Demo Rinpoche, Rimpoche's nephew, has served as Jewel Heart's Resident Spiritual Director, since 2018.

In 2021 Tibet House US in New York City, partnered with the Allen Ginsberg estate, and Jewel Heart International, on Transforming Minds: Kyabje Gelek Rimpoche and Friends, a gallery show, video, and eventually online exhibition, of photos and drawings by Allen Ginsberg with whom Rimpoche had an "indissoluble bond," exemplifying the "transformational nature of this time in US history." "Fifty negatives guided by Allen's extensive notes on the contact sheets and images he'd circled with the intention to print," featured images of Rimpoche with friends, including "other great Tibetan masters, including Ribur Rimpoche and Khyongla Rato Rimpoche, images we had not known about," and "monks, Tibetologists, friends, and students, including Philip Glass, artist Francesco Clemente, founder of Tibet House US, Robert Thurman, poet Anne Waldman, and songwriter, singer, and poet, Patti Smith."

==Publications==
Gehlek Rimpoche assisted Melvyn C. Goldstein in his writing of A History of Modern Tibet, Volume 1: The Demise of the Lamaist State, 1913-1951.

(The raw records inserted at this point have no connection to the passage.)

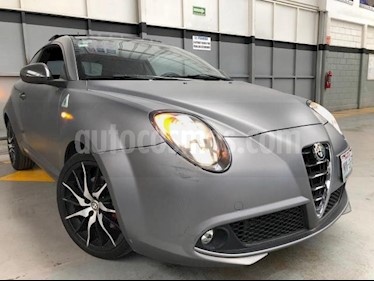 Foto Alfa Romeo MiTo Quadrifoglio Verde usado (2015) precio $250,000
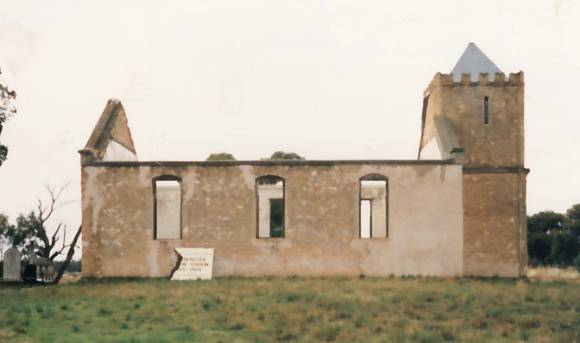 B1422 Ebenezer Mission Antwerp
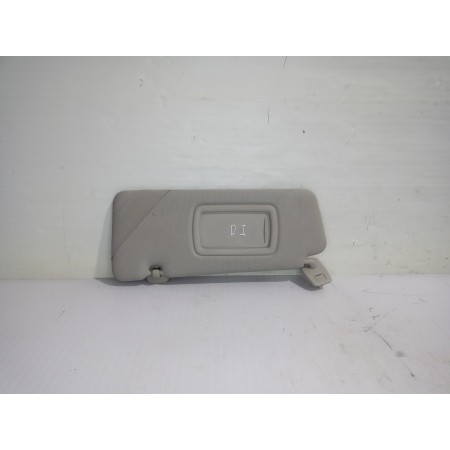 Recambio de parasol izquierdo para renault megane iii berlina 5 p dynamique referencia OEM IAM 964010028R  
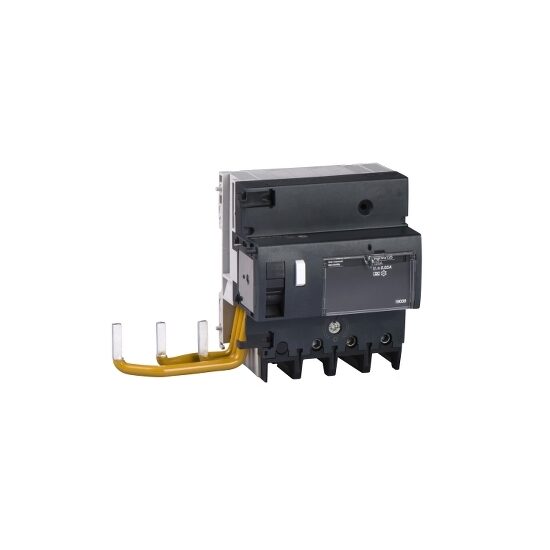 Bloc diferential Vigi NG125, 3P, 63A, 230-415V, 0.3A, Schneider Electric 19014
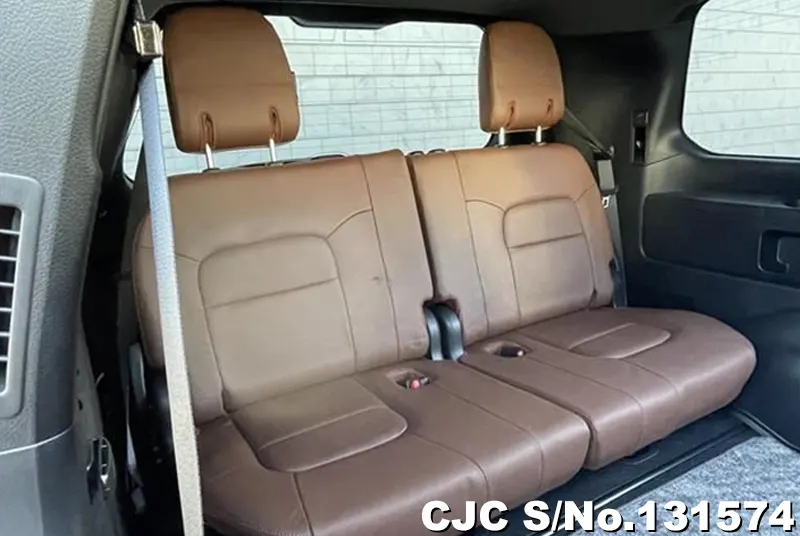 2017 Toyota / Land Cruiser Stock No. 131574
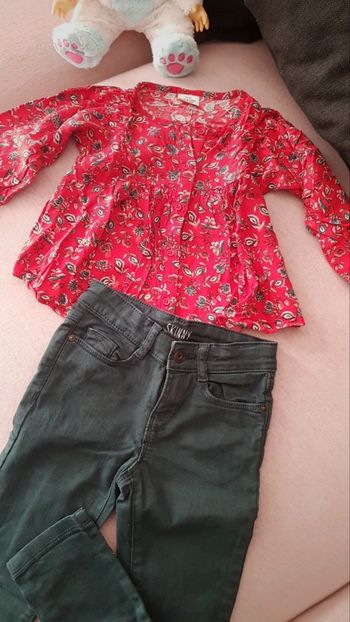 Ensemble TAO 5 ans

In 2001, Rimpoche's teaching with many biographical details, Good Life, Good Death: Tibetan Wisdom on Reincarnation, with a foreword by the Dalai Lama, and an introduction by Robert Thurman, was published. "Buddhist readers will cheer about this fresh voice, and even those who don't believe in reincarnation will find something valuable in this short meditation on death.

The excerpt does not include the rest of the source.